These observations should be ringing a few bells, if you’ve read your Orwell. Lacking any proper guide in the form of his own white horse, the hapless ego – Winston – stumbles about in the gray universe of The Party, hoping to somehow find the kind of true love Plato orates for us in the Phaedrus. But, instead, he tragically mistakes the ecstasy of satisfying long deprived carnal pleasures for the attainment of just that true love, in the consummation of his relationship with Julia. Julia – the representative of Winston’s id – turns out to be precisely the kind of vicious collaborator Freud depicted in the obsessional neurotic. The white horse and the black horse are merged into an unnatural chimera of self-annihilation, and Winston his handed over to Big Brother. The despair proves to be too much, and he is doomed finally to the death of his true self – his soul, as Plato no doubt would have put it.
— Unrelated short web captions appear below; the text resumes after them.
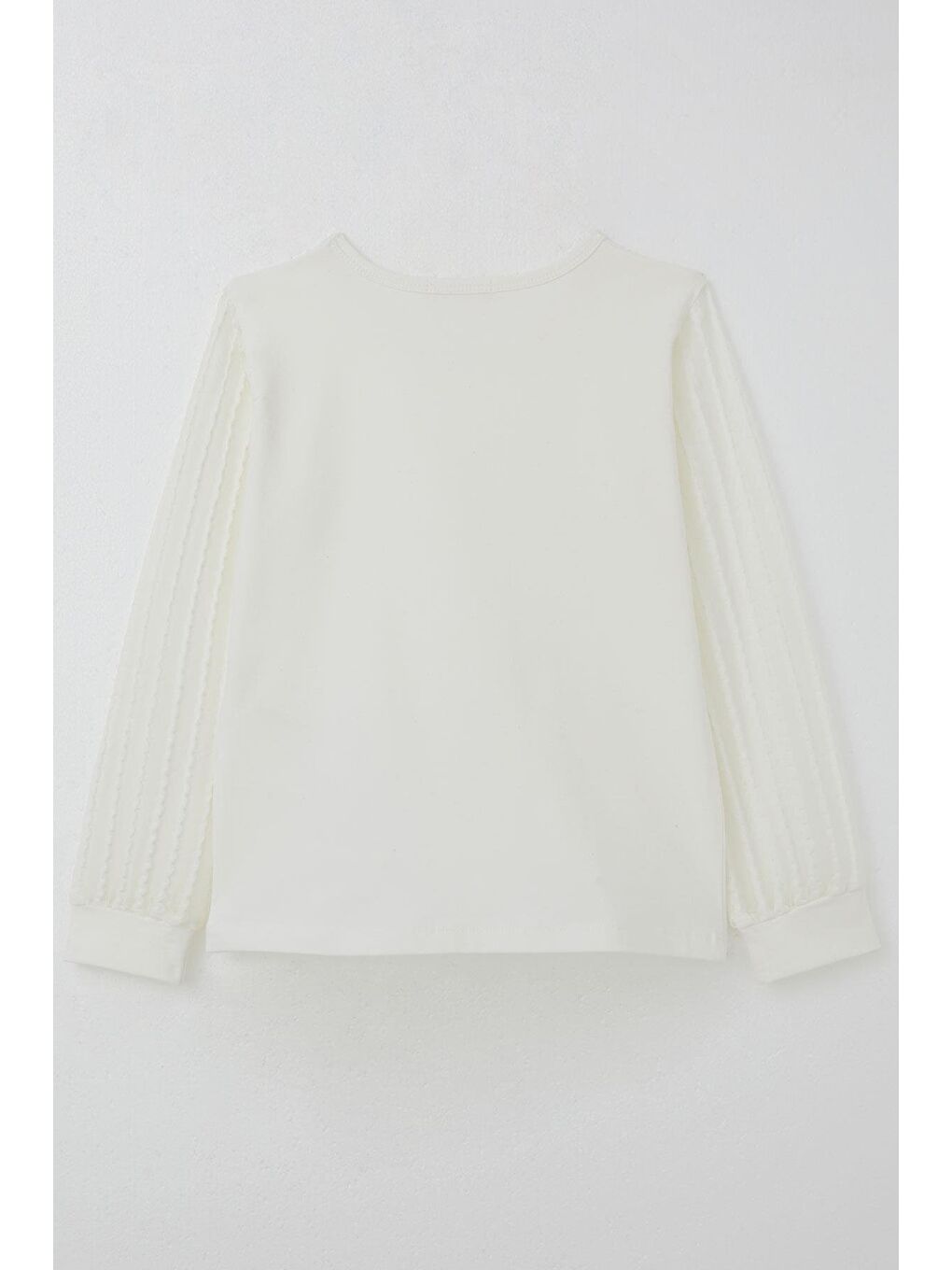 Kız Çocuk Bluz Kolları Tüllü Ekru (8-10 Yaş)-1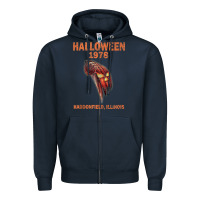 Navy Halloween 1978 Holiday Spooky Myers Pumpkin Haddonfield Zipper Hoodie - minhPixels
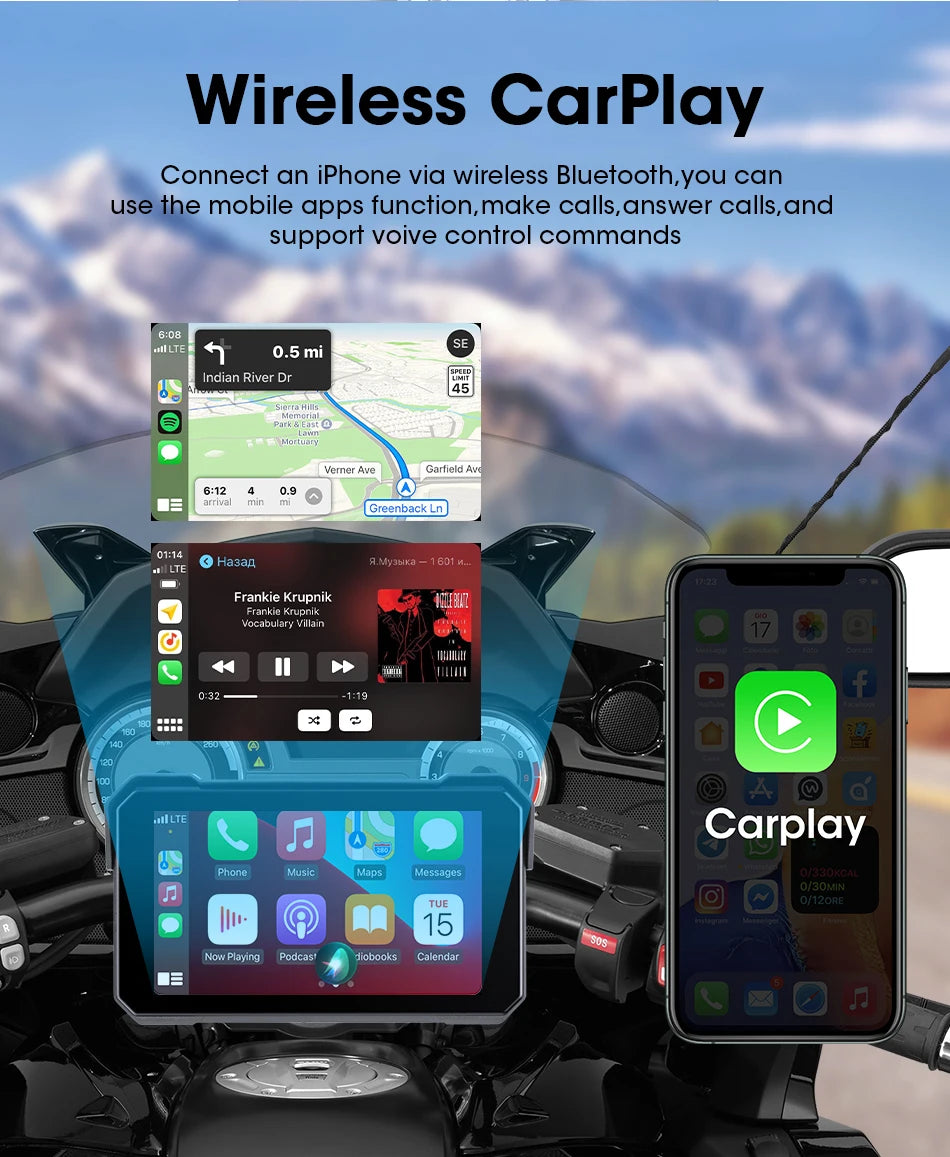 Waterproof Motorcycle Android Wireless Carplay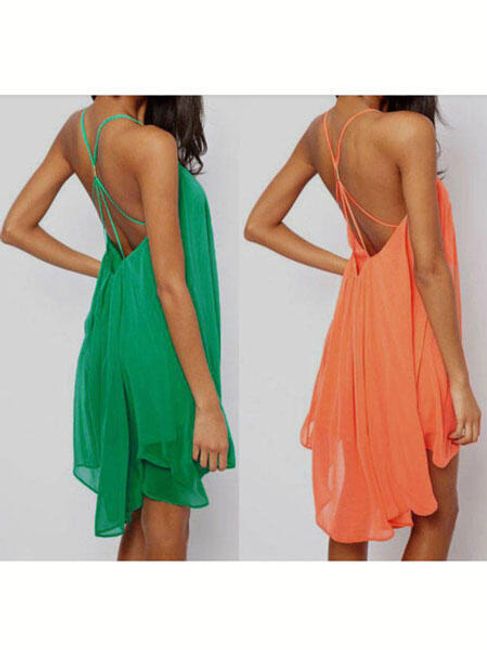 Volné šaty z lehkého materiálu - oranžová - velikost 4 1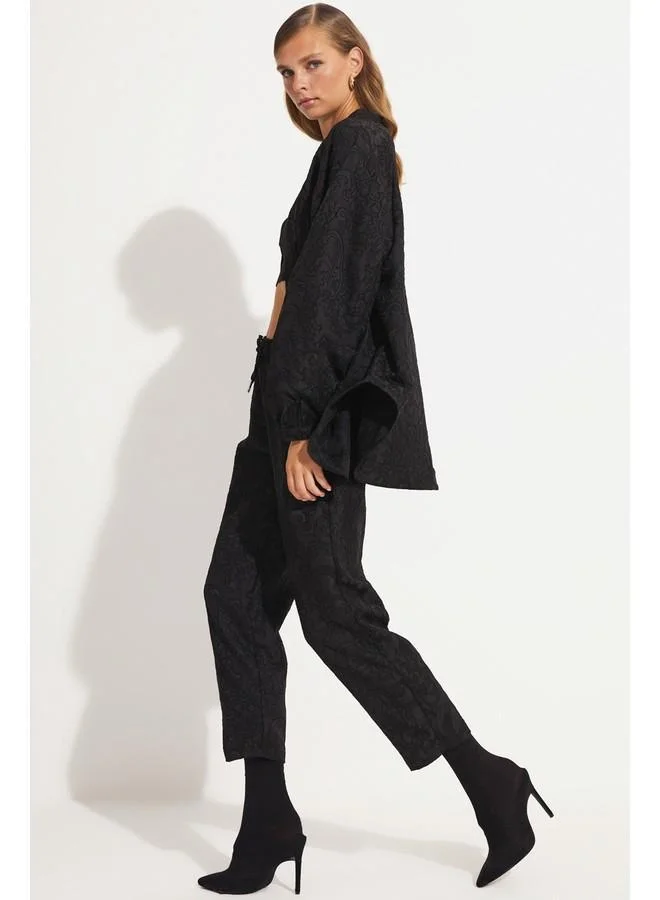 جون June Women Exclusive Elastic Waist Patterned Trouser Black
The genius of Plato was both in recognizing the reality of these competing features of the human psyche, and in realizing that ultimately it is the rational portion that must stand apart from the horses and act as the ‘guardian’ of the entire self, rather than the hopelessly inadequate servant to the fractious elements, competing for its efforts. The genius of Orwell, whether he quite knew it or not, was in recognizing that modern man had surrendered responsibility for the charioteer by embracing men like Skinner and Freud, and that nothing good would ever come of it.